Advocacy Developers Conference III (Day 2)

After meeting with a new client in Palo Alto early this morning, I showed up about 2 hours late to Day 2 at the Advocacy Developers Conference here in Oakland. Luckily, Gunner let me in without much more than a "morning Ryan!". What a guy.

Today's meetings followed up on the previous day's discussions, and the one that intrigued me the most was the interoperability discussion lead by David Taylor. In the meeting, we had a great mix of content management systems represented, with Joomla, Drupal, Plone, AMP, and May First People-Link. After going around and around with what's important in integration, we finally threw our hands up and said, "let's just pick one small thing to tackle, and see what we can do."

Or as Gunner kept reminding us, "get the low hanging fruit."

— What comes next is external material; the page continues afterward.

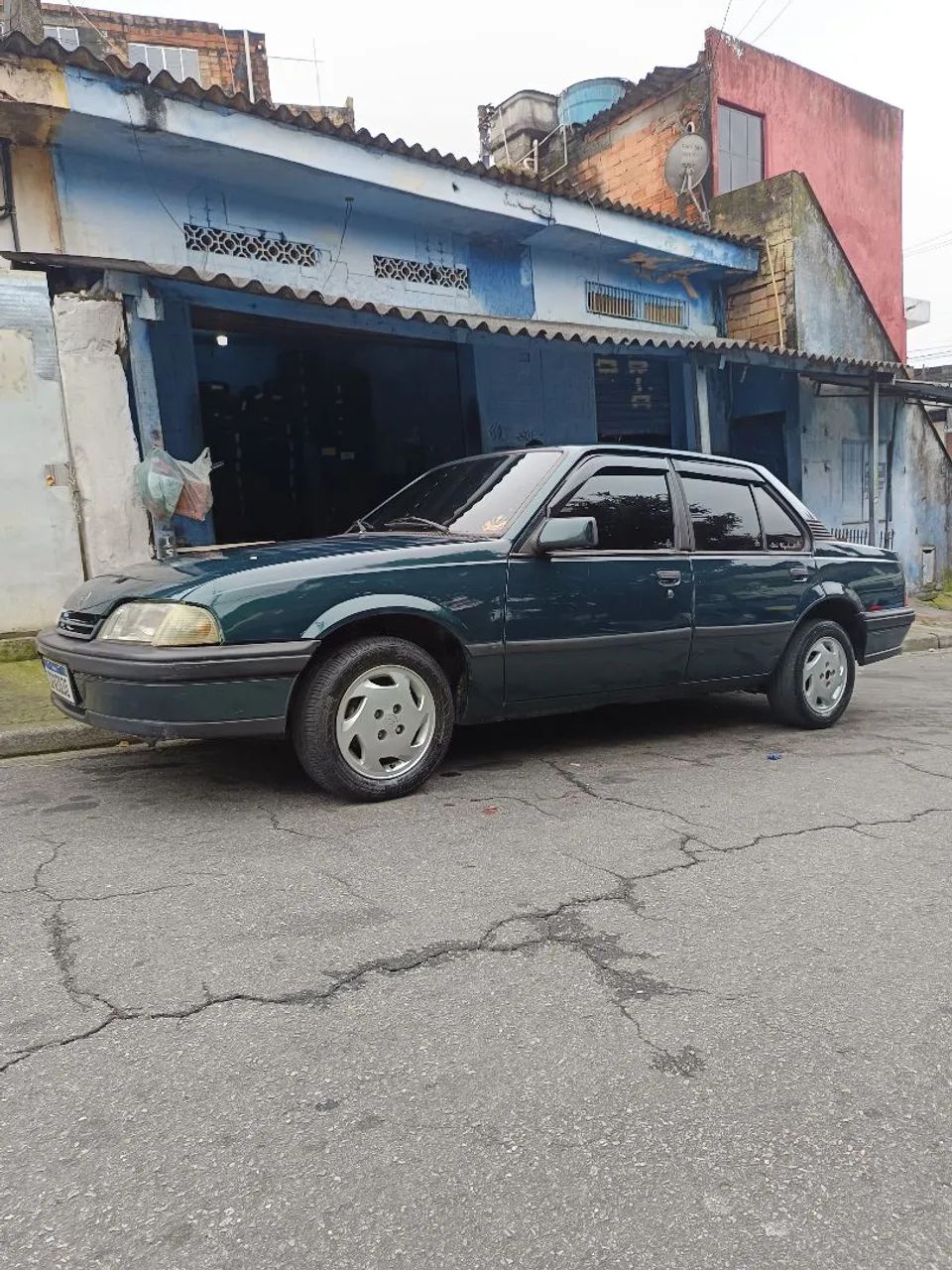 Chevrolet Monza GL 2.0 Efi/sl/l/650/club/barc.2e4p (álcool) 1996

We thought it would be interesting to see if we could get our various CMSes to talk to each other. One thing that we thought would be cool would be if we could query data from other CMSes, and then receive data and present it within our own systems.

An example would be allowing a visitor on our Joomla site be able to search other Joomla sites and Plone sites, and then have the data collected and displayed on our Joomla site. While we thought general content would be great, David thought the things that are most often shared among sites was events.

Based on events, we decided that we needed to follow a standard. Unfortunately, we had a very similar discussion regarding events and the RSS Events standard, which as David and Jamie McClellan told us their war stories from trying to get it to work. We decided that we'd build to the GData specs by Google, which is just an extension of Atom.